Art in Our Churches
Bishop Malloy Says Love, Care At Heart of Church Decorations
By Louise Brass, Observer Correspondent
April 26, 2018
Fine artwork can be a statement, a signpost, or a guide to understanding a message.
Art in our churches should be a link directing us to the Divine, and the message of Jesus, according to the 2000 United States Conference of Catholic Bishops (USCCB) liturgical guidelines.
Each work of art in a church—statue, glass work, or oil painting—can lead us to the Divine, because Christian beauty manifests itself as an echo of God’s own creative act, the guidelines state, and therefore should reflect the best of our artistic heritage.
Many churches in the Rockford Diocese contain dramatic and beautiful artwork for the edification of parishioners and visitors, said Bishop David Malloy during a recent Northern Illinois Newspaper Association gathering of journalists, students and religious leaders in DeKalb. 
“I think that’s been demonstrated especially by the historical and ethnic churches that are scattered throughout the diocese, particularly those with the magnificent stained glass windows that not only convey the story of faith and the Scriptures, but they also have that attraction and beauty that we are so aware is an opening to faith and the truth,” Bishop Malloy said.
The bishop is no stranger to churches in the “old world” as well.
“I spent many years in Europe and Rome and some time in France, and the ability to go into some of those churches, even if you are not a Catholic, or not a believer, to observe the love and the care and the beauty that is put together is something to observe.”
The lesson is the same here as it is there, he added.
The USCCB guidelines titled, “Built of Living Stones: Art, Architecture, and Worship,” states: “The place where God gathers this people powerfully draws them more deeply into communion and expresses in beauty God’s profound holiness.”

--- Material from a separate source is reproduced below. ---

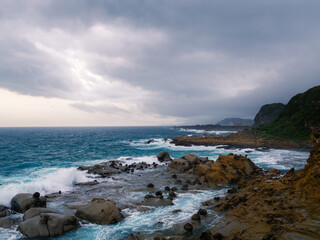 Fototapeta na wymiar The coastal area of the island at the Heping Island GeoPark in Keelung, Taiwan.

Lay persons can find direction when creating art for sacred spaces through The Catholic Art Guild, an all-volunteer, 501c3 non-profit organization created to support Catholic art and artists. 
The mission of the guild is to catalyze artists towards participation in the new evangelization, answering the call of Pope St. John Paul II, Pope Emeritus Benedict XVI and Pope Paul VI, all of whom called artists to use their gifts in aid of the Church and for the greater glory of God. 

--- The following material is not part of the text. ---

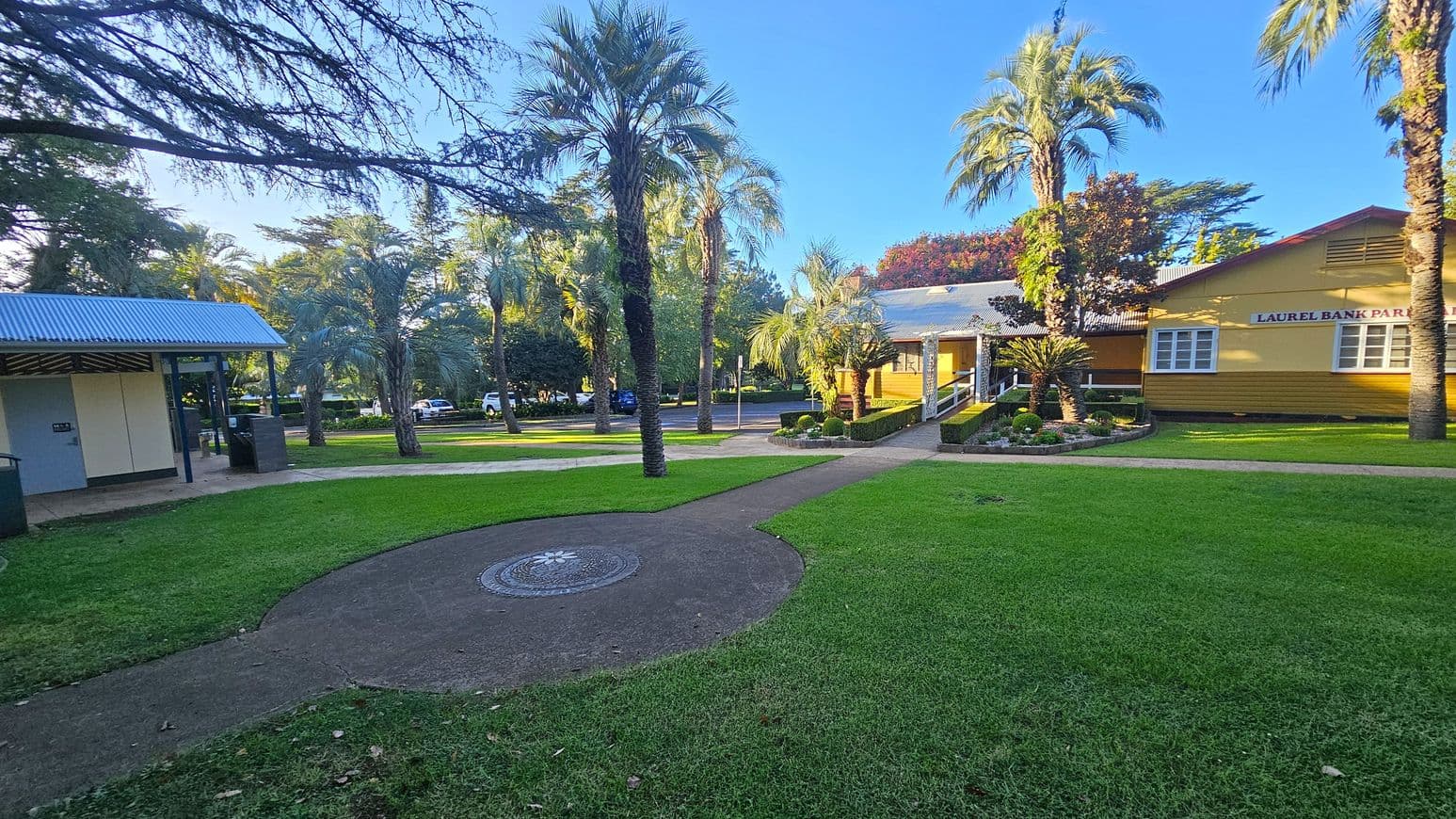 A park scene with a well-maintained lawn and a path leading through the centre. On the left, there's a small building with a corrugated metal roof. In the middle, tall palm trees are scattered around. On the right, a yellow building with a sign reading "Laurel Bank Park" is visible, surrounded by neatly trimmed hedges and small plants. Cars are parked in the background, partially obscured by trees.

In almost every church, stained glass windows display many scenes from the life of Christ and images of saints, creating a kaleidoscope of color. However, the crucifix is usually the most dramatic and symbolic of all the art in a Catholic church, and typically is placed prominently above or behind the altar.
“It has always been the custom and the tradition that we focus on the cross, because it is the death of Christ that opens the way to Easter and the resurrection,” Bishop Malloy said. 
The Church considers artwork a constitutive element of the sacred liturgy. So it has to be sacred art, opening the mind of the viewer to truth.
“People in our contemporary culture have the phrase ‘beauty is in the eye of the beholder’ which makes the beauty or goodness of a piece of art subjective,” said Father Jonathan Bakkelund, director of the Office for Divine Worship and pastor at St. Peter Parish in Geneva.
“But our Church has never taught that. For us, beauty is objective,” Father Bakkelund said.
To determine if something is sacred or not sacred, he said, the question is, “Does the image represent accurately the ontological reality or the fundamental being of the thing it is representing? If it does that well, it is beautiful. If it does not, then it is not,” Father Bakkelund said.
Ultimately it is up to the bishop, as the chief liturgist, to decide appropriateness of a work of art. And that ensures continuity.
When it comes to artwork, everyone has preferences. One pastor may want certain decorations or artwork, and the next priest to come to a parish may want something different. 
“Then the next guy comes and changes everything back. To ensure it is not a matter of personal preference, in the Diocese of Rockford — because the Church thinks in centuries — the Church’s understanding of changes in the sacred liturgy go through the Office of Divine Liturgy,” Father Bakkelund said.
The “General Instruction of the Roman Missal” is really the governing document for liturgical art and architecture, he added.
Pope St. John Paul II, in his letter on the Eucharist, said that Catholics understand the liturgy as a banquet and a feast, a memorial and a celebration, but amidst all those things it is most fundamentally a sacrifice of Christ on Calvary.
A small crucifix is placed on or near the altar during Mass to help keep the sacrifice of Christ in the forefront of the mind of the celebrant when saying the Mass, Father Bakkelund added.
Artwork, whether of glass, canvas, wood or stone, helps add a deeper understanding of what is happening on the altar, he said, and can guide the congregation into an appropriate state of mind for participating in the liturgy.
 “We believe the liturgy is literally heaven on earth,” he said.